A word-for-word retyping of the listing below is required, with the pictures dropped.
▼
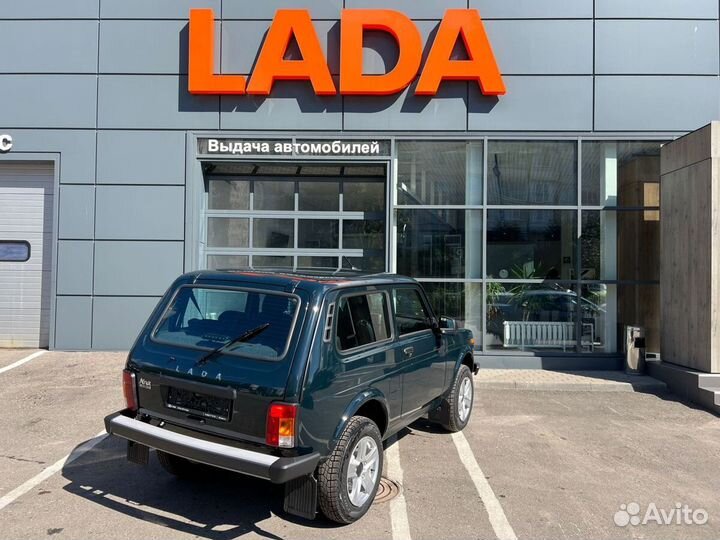 ВАЗ Niva Legend 1.7 МТ, 2023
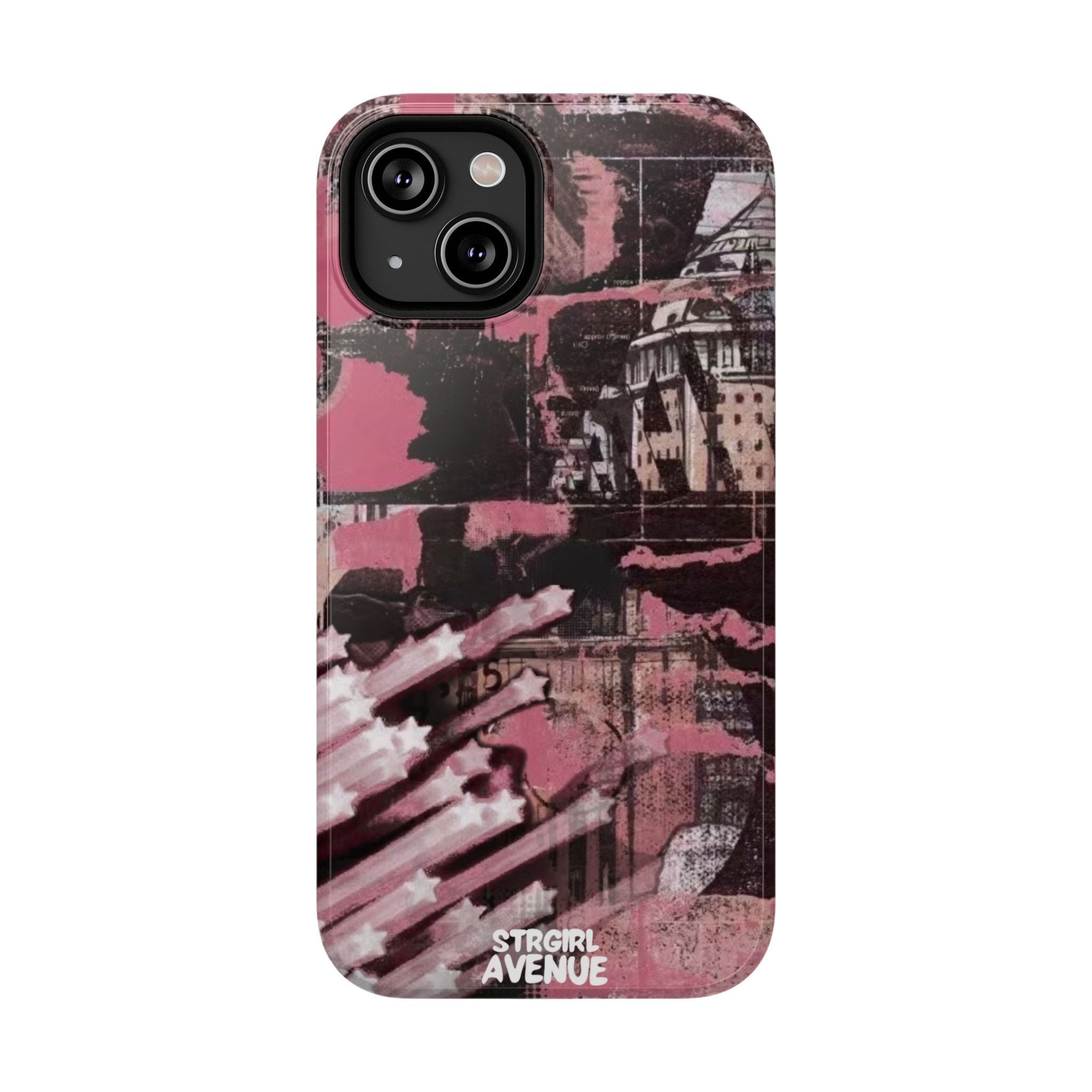 “Shooting record ” protective phone case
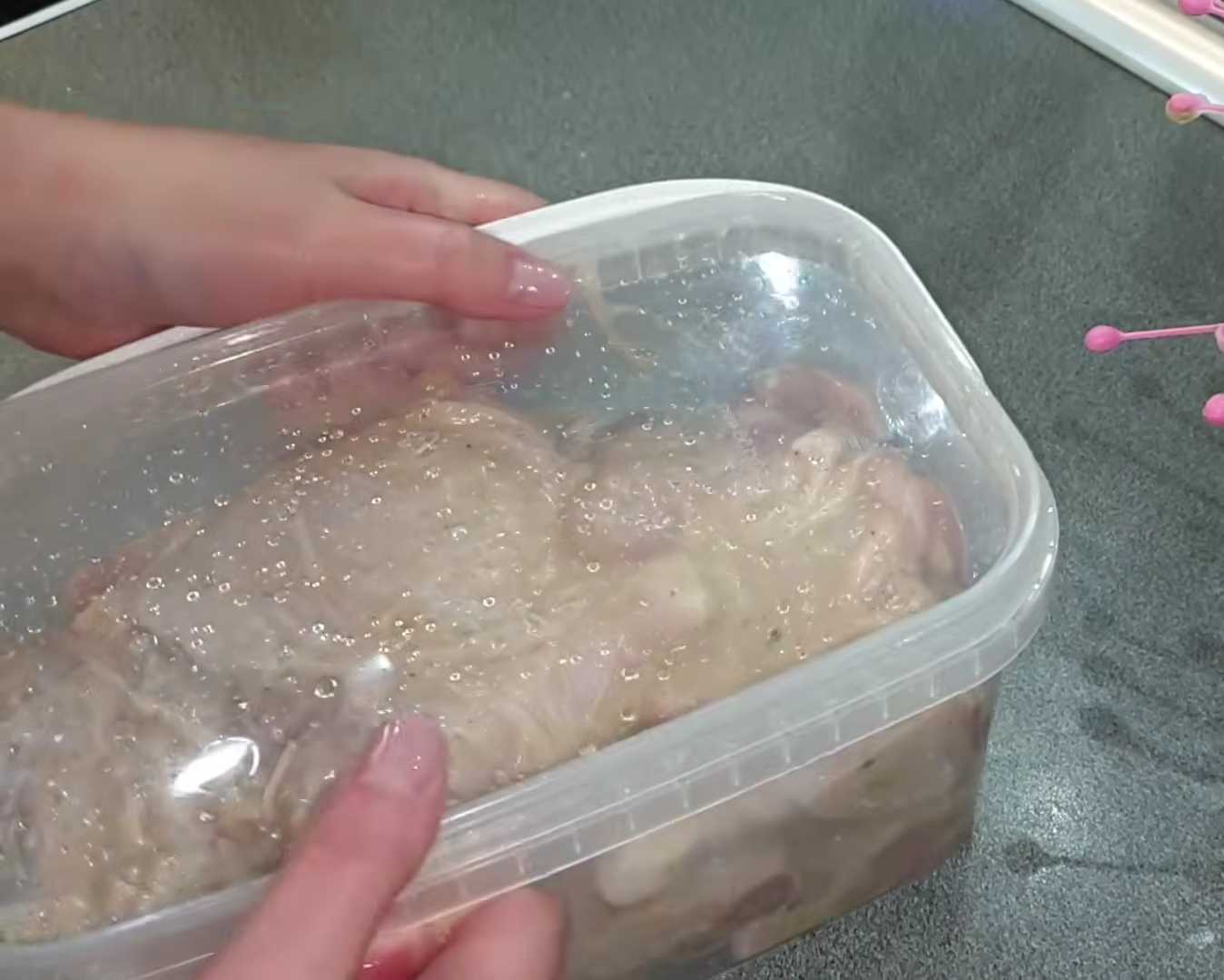 Маринад для шашлыка из курицы-Шаг 9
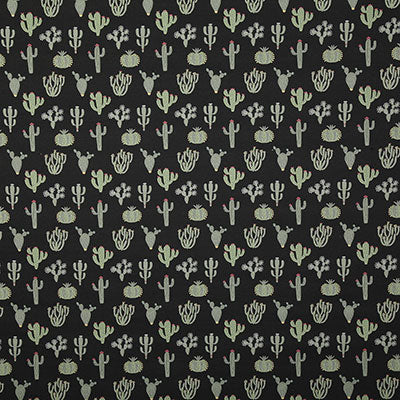Pindler Fabric PRI035-BK01 Prickly Noir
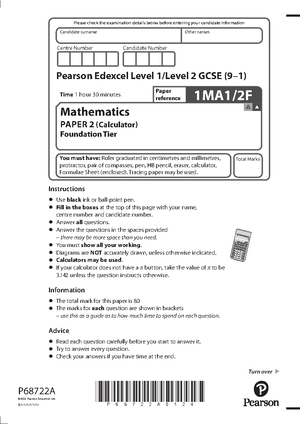 8300 Gcse Maths Practice Paper Set 4 2h Mark Scheme αβ Practice Papers Set 1 Teacher 8300 Gcse Maths Practice Paper Set 4 2h Mark Scheme αβ Practice Papers Set 1 Teacher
▲
> _Worked solution_:
 ВАЗ Niva Legend 1.7 МТ, 2023
 “Shooting record ” protective phone case
 Маринад для шашлыка из курицы-Шаг 9
Pindler Fabric PRI035-BK01 Prickly Noir
 8300 Gcse Maths Practice Paper Set 4 2h Mark Scheme αβ Practice Papers Set 1 Teacher 8300 Gcse Maths Practice Paper Set 4 2h Mark Scheme αβ Practice Papers Set 1 Teacher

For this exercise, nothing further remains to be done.